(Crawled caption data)
════════════════

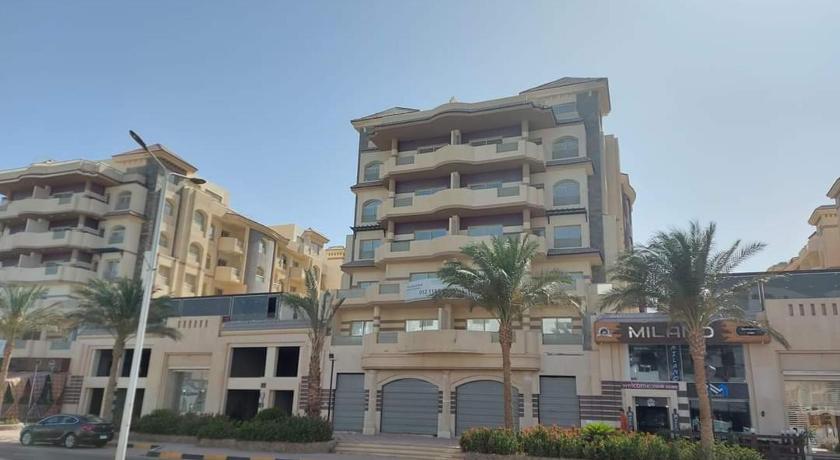 Florenza Khamsin Sea front
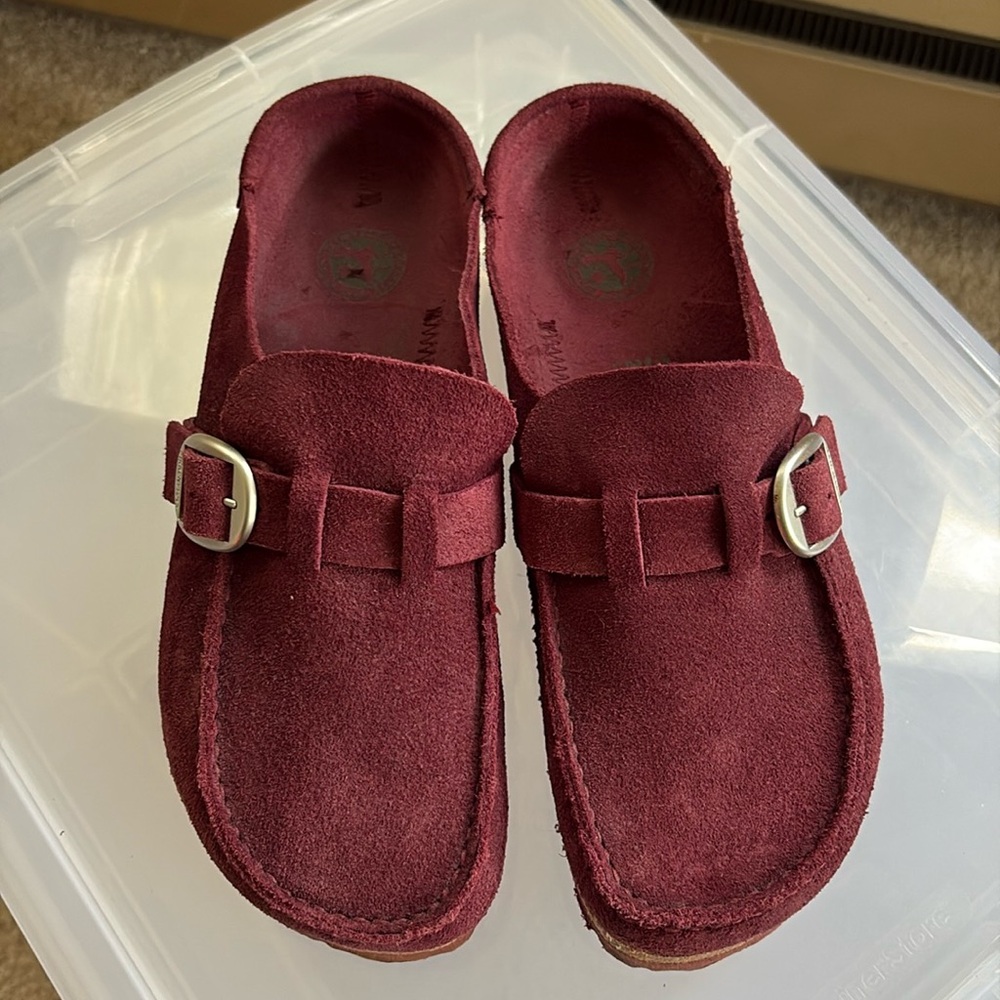 NEW- Birkenstock Burgundy Buckley Size 6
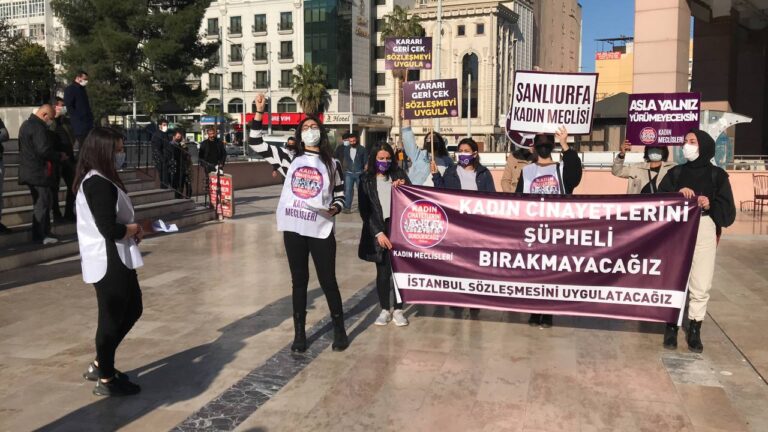 Şanlıurfa’da kadınlar “İstanbul Sözleşmesi” kararını protesto Etti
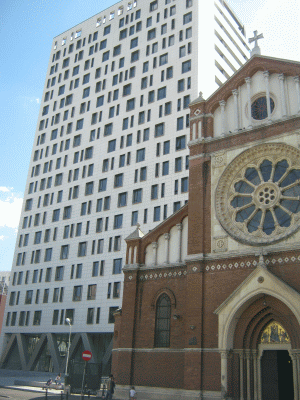 Instanţa a amânat pronunţarea în cazul "Cathedral Plaza" 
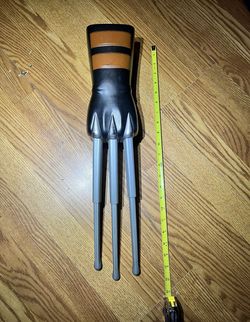 Hasbro Marvel Wolverine Extendable Claw Hand X-Men 2008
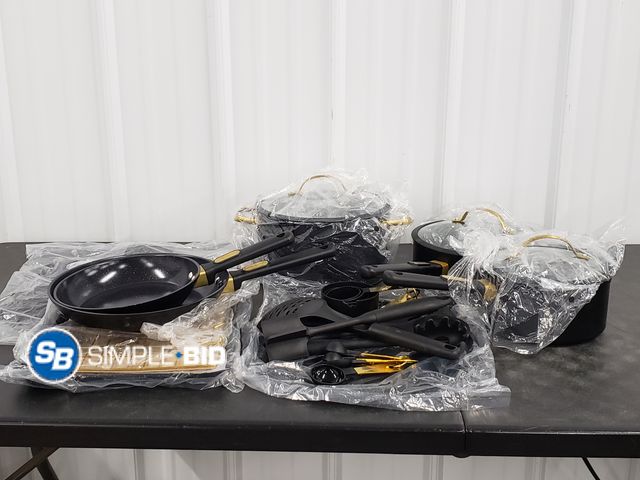 Lot 58-68399 - Thyme &amp; Table 12-Piece Ceramic Non-Stick Cookware Set Signature Collection, Non-Toxic Pots and P...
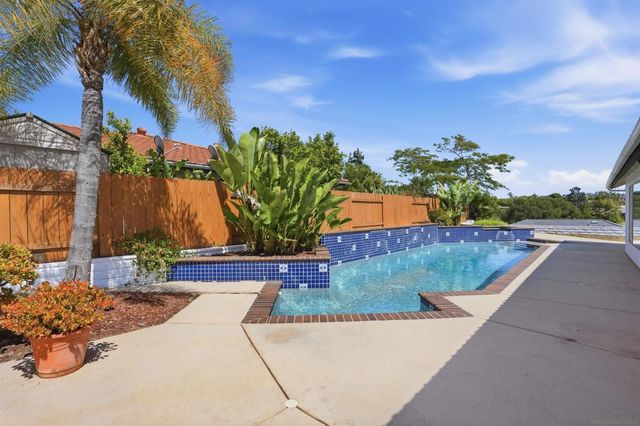 12485 Grandee Rd, San Diego, CA 92128
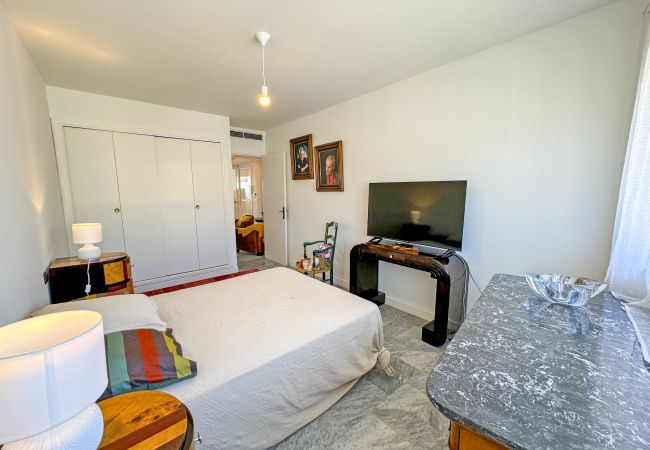 Apartment in Nice - Breathtaking Rooftop Experience on Promenade Apartment in Nice - Breathtaking Rooftop Experience on Promenade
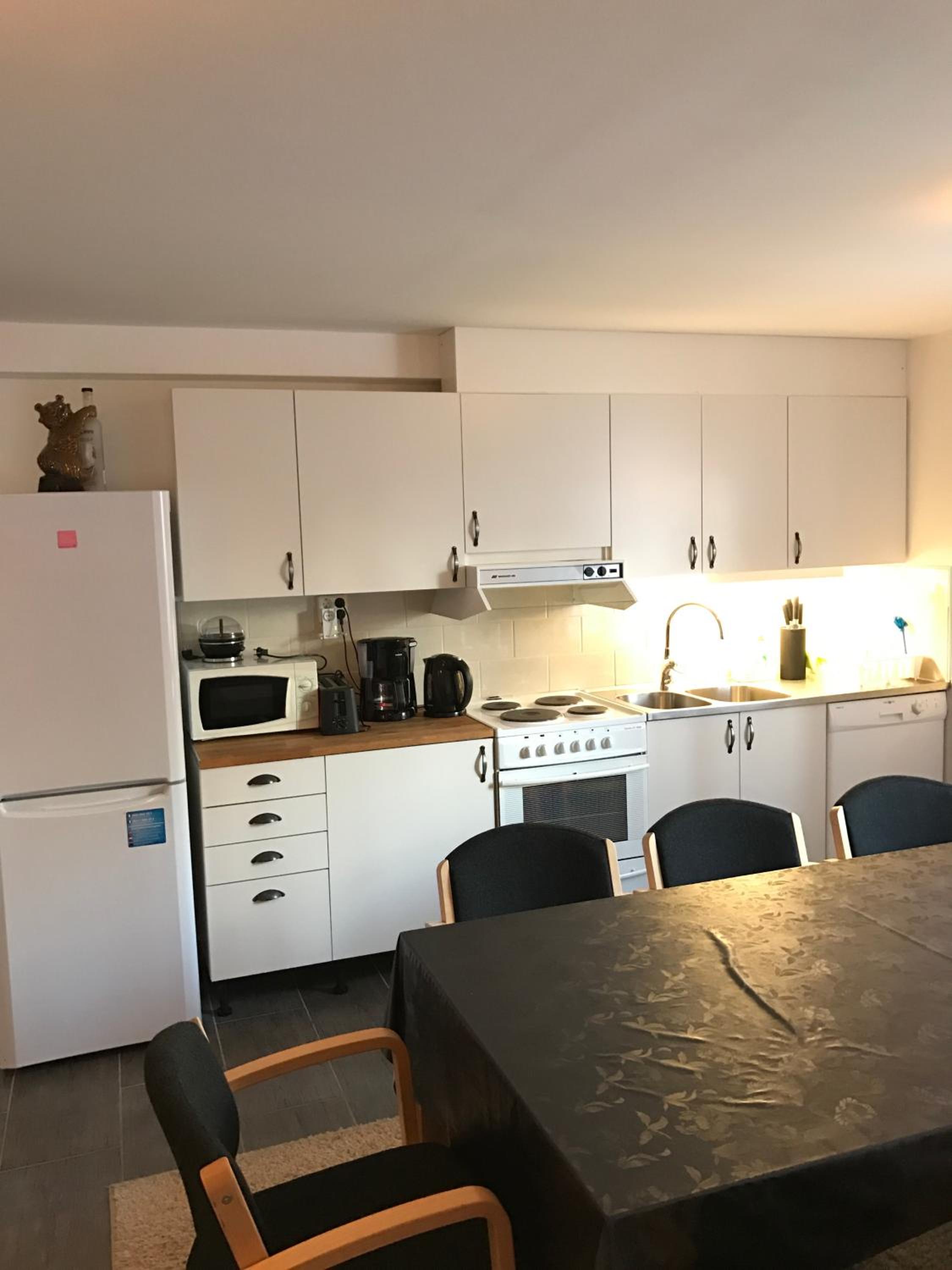 Economy Triple Room with Shared Bathroom photo 2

════════════════

**Task goal:**
Transcribe exactly the lines above, beginning at the one with "NEW- Birkenstock Burgundy Buckley Size 6" and going up to and including the one with "Hasbro Marvel Wolverine". Pictures do not belong in the copy.

**Response to this task:**
 NEW- Birkenstock Burgundy Buckley Size 6
 Şanlıurfa’da kadınlar “İstanbul Sözleşmesi” kararını protesto Etti
 Instanţa a amânat pronunţarea în cazul "Cathedral Plaza" 
 Hasbro Marvel Wolverine Extendable Claw Hand X-Men 2008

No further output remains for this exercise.